CAPTCHAs are a form of "madness" that costs humanity 500 years per day and need to be confined to the internet's trash bin, says online security company Cloudflare.
They're a familiar sight on the internet - you've searched your memory for the username and password of the website you're trying to access, hit the login button - only to be met by an annoying picture puzzle.
Can you select all the squares with pedestrian crossings in them? Are there any trees in the photographs? Or fire hydrants?
CAPTCHAs are automated tests designed to identify whether you are human or bot and strengthen the security of websites - but that comes at a cost, says Cloudflare.
The first CAPTCHA was developed in 1997 before the name came later, in 2003, as an acronym for 'Completely Automated Public Turing test to tell Computers and Humans Apart'.
In a blog posted on the Cloudflare's website research engineer Thibault Meunier did a quick calculation based on its data suggesting an average user takes 32 seconds to complete a CAPTCHA.
With 4.6 billion global internet users and an assumption the average user sees one CAPTCHA per 10 days, that equates to around 500 years wasted every day trying to prove we're not bots.
But loss of productivity is not the only issue with the pop-up puzzles.
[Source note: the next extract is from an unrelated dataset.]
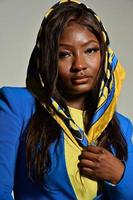 ung skön afrikansk amerikan mode modell med traditionell afrikansk stil scarf Framställ på grå bakgrund foto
There are cultural and accessibility issues - does everyone know what a fire hydrant is? What about internet users who are sight challenged? Then there is the data and battery usage for those reliant on mobile data. That all adds up to make it a less-than-ideal means of humanity identification.
So Cloudflare is running an experiment to "end the madness", it says.
"The idea is rather simple: a real human should be able to touch or look at their device to prove they are human, without revealing their identity," Meunier wrote.
"We want you to be able to prove that you are human without revealing which human you are! You may ask if this is even possible? And the answer is: Yes."
That system will involve a hardware security key that can be plugged into a computer or connected to a mobile phone which is then verified - taking around five seconds to complete.
The test is currently limited to certain types of hardware security keys and in English-speaking regions - but should it be successful, it could mean no more unnecessary clicking.
It's all about building a better internet, says Cloudflare, adding: "We're excited to bring about the demise of the fire hydrant on the Internet. It's no longer needed."